- [Problem to solve]:
All lines from the one containing "Halloween Witchy Samoyed" through the final line of the listing below, and no others, must be returned exactly; no pictures belong in the copy.

- [Dataset section]:
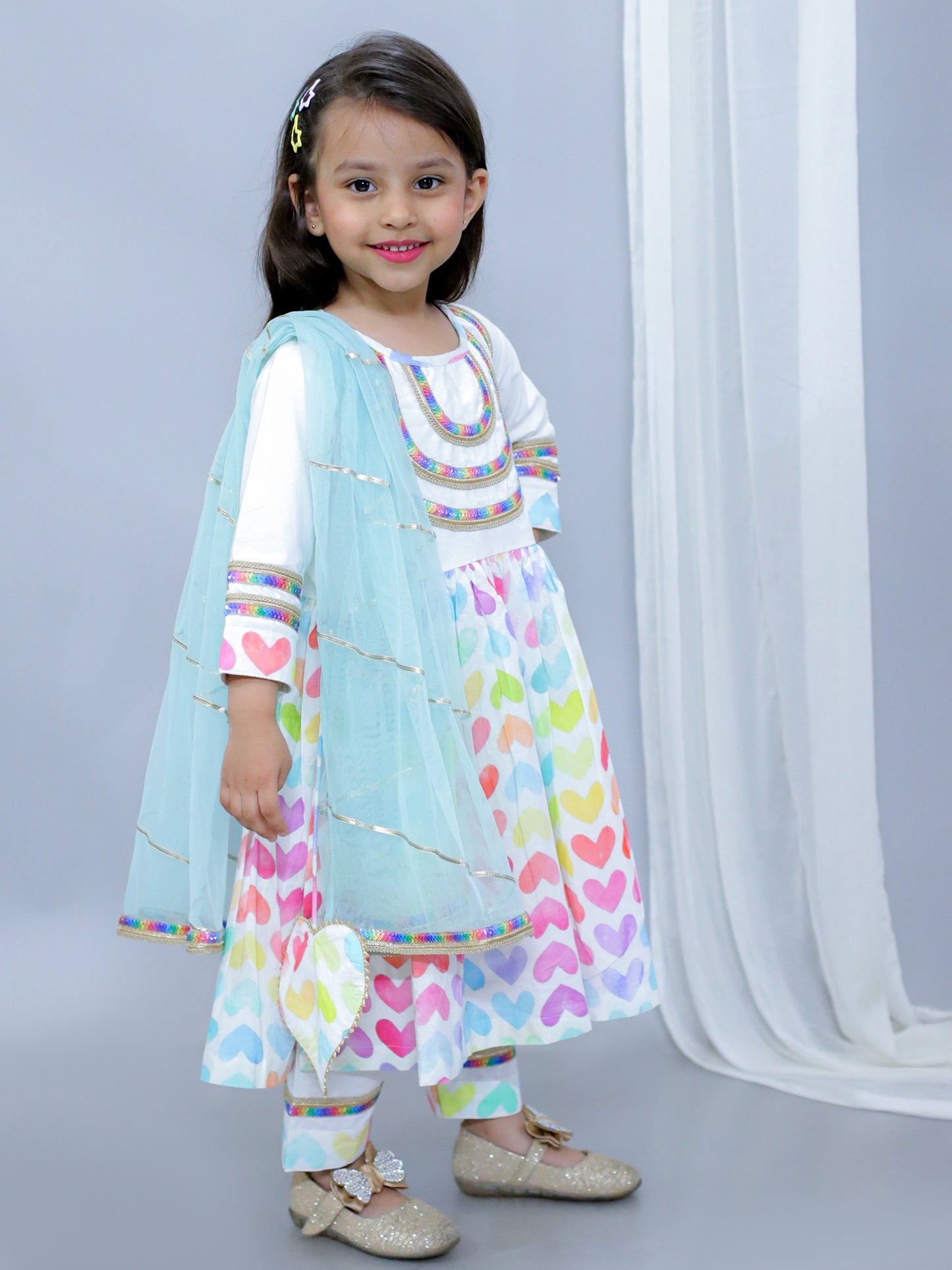 White Multicolor Heart Prints Kurta set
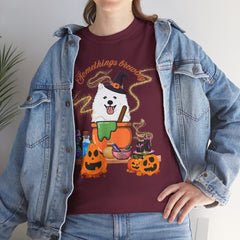 Halloween Witchy Samoyed — Cute Spooky Pumpkin Cauldron Tee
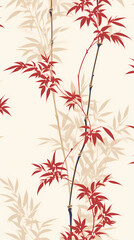 Golden bamboo leaves and branches pattern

- [Written reply]:
 Halloween Witchy Samoyed — Cute Spooky Pumpkin Cauldron Tee
 Golden bamboo leaves and branches pattern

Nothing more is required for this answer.